* Problem details
Would you restate the listing word for word, with the images omitted?
------------------------------------------------------------------------
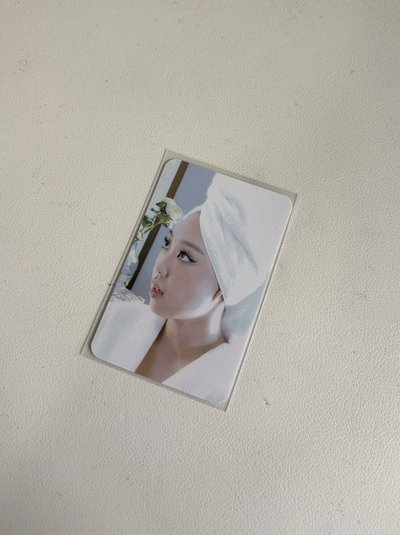 泳知小卡們
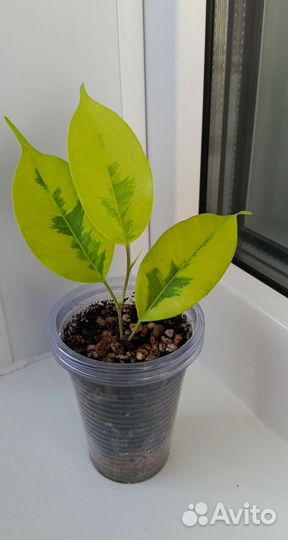 Фикус Еллоу Голд, Еллоу Голд вар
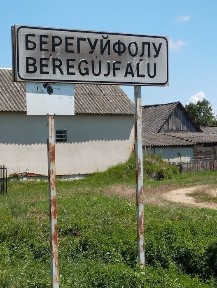 Цена снижена! Продам дом Закарпатье Берегуйфолу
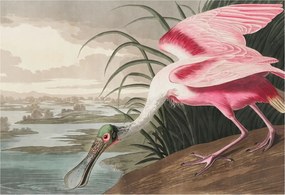 Flizelin tapéta Divatos 3D fali ragasztó Egzotikus madár 152x104 Ragasztó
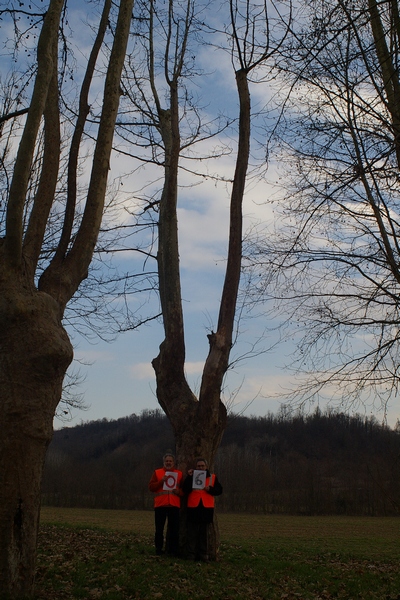 censimento fotografico degli alberi presenti lungo l ex strada statale SS 10 nel comune di Baldichieri.   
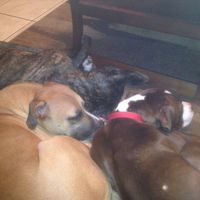 NWR- Furbaby Friday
------------------------------------------------------------------------
* Result of the task
 泳知小卡們
 Фикус Еллоу Голд, Еллоу Голд вар
 Цена снижена! Продам дом Закарпатье Берегуйфолу
 Flizelin tapéta Divatos 3D fali ragasztó Egzotikus madár 152x104 Ragasztó
 censimento fotografico degli alberi presenti lungo l ex strada statale SS 10 nel comune di Baldichieri.   
 NWR- Furbaby Friday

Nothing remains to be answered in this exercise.